> **DATA BLOCK**

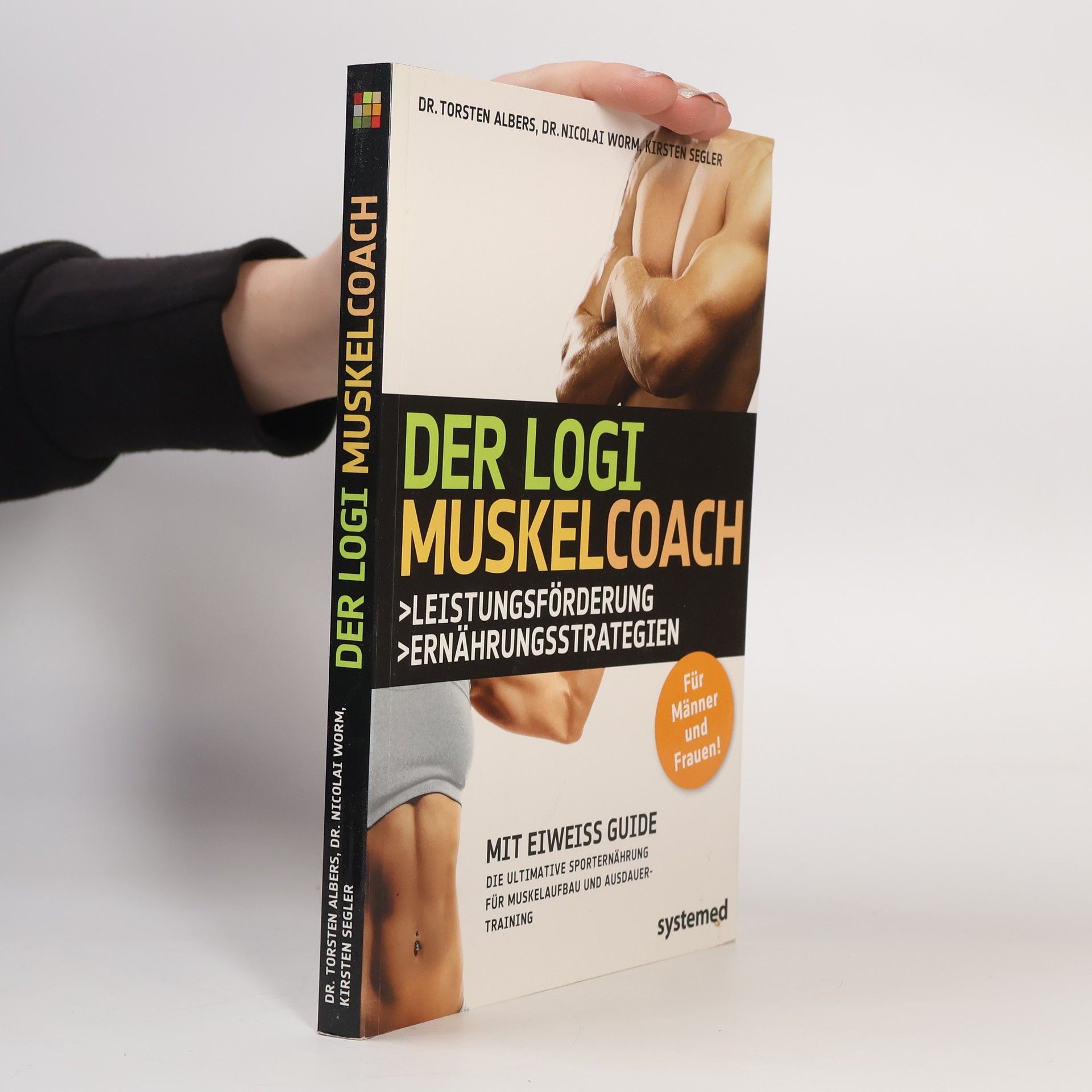 Torsten Albers Der Logi-Muskelcoach
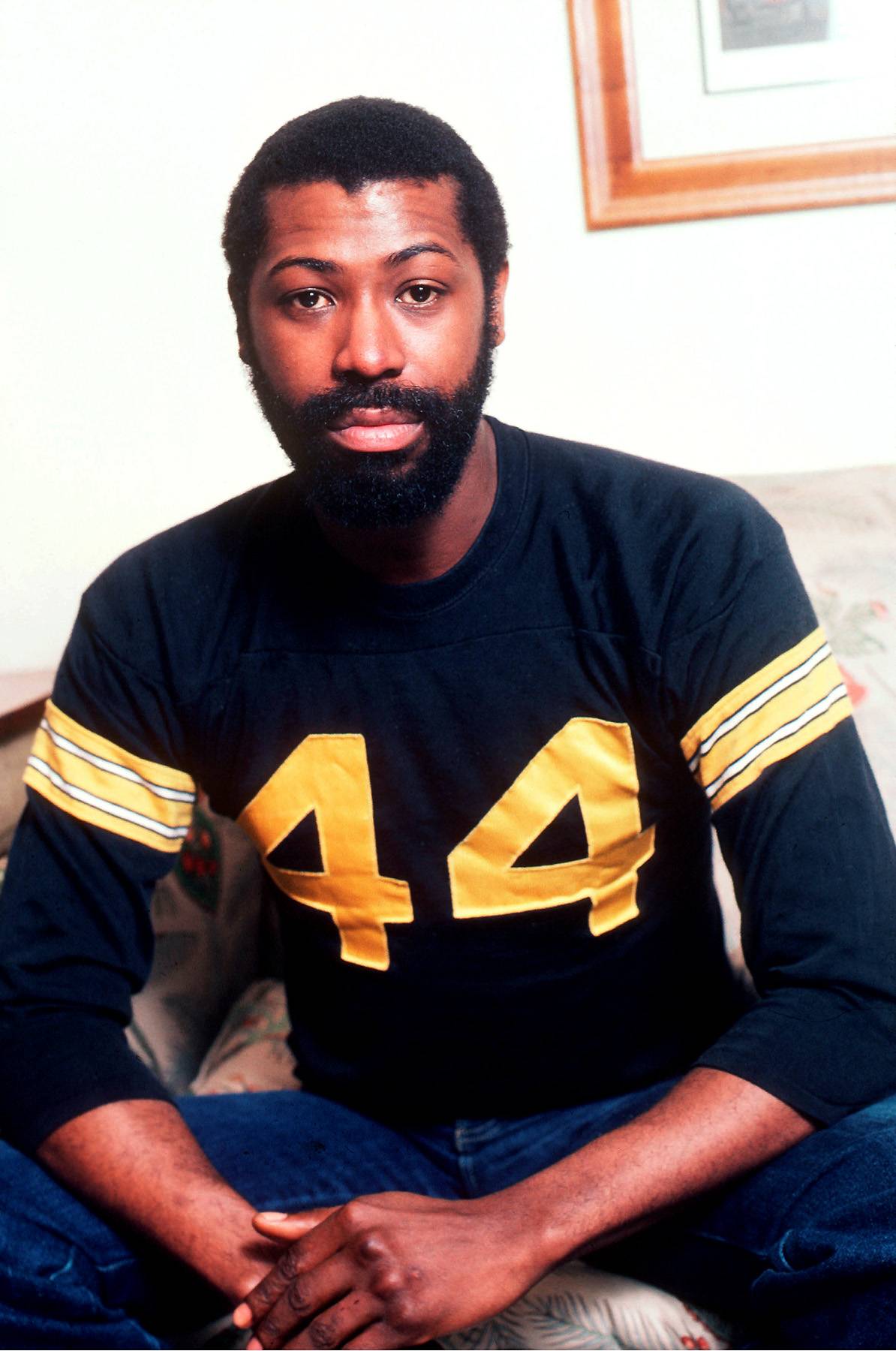 A Star is Born - Theodore DeReese &quot;Teddy&quot; Pendergrass, Sr. was born March 26, 1950 in Philadelphia, PA. He'd also become affectionately known as Teddy P, TP or Teddy Bear throughout the course of his career. (Photo: Michael Putland/Getty Images)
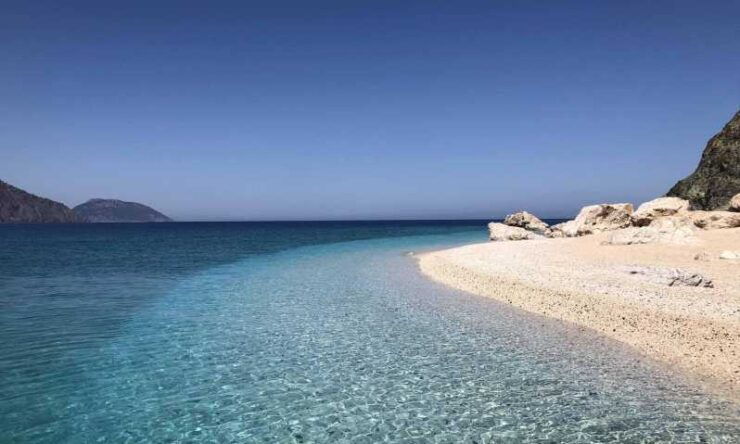 Antalya/Kemer/Bekek: Suluada Boat Tour With Transfer & Lunch - Key Points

> **EXERCISE AIM**
Repeat each line above exactly. The pictures stay out.

> **ANSWER BOX**
 Torsten Albers Der Logi-Muskelcoach
 A Star is Born - Theodore DeReese &quot;Teddy&quot; Pendergrass, Sr. was born March 26, 1950 in Philadelphia, PA. He'd also become affectionately known as Teddy P, TP or Teddy Bear throughout the course of his career. (Photo: Michael Putland/Getty Images)
 Antalya/Kemer/Bekek: Suluada Boat Tour With Transfer & Lunch - Key Points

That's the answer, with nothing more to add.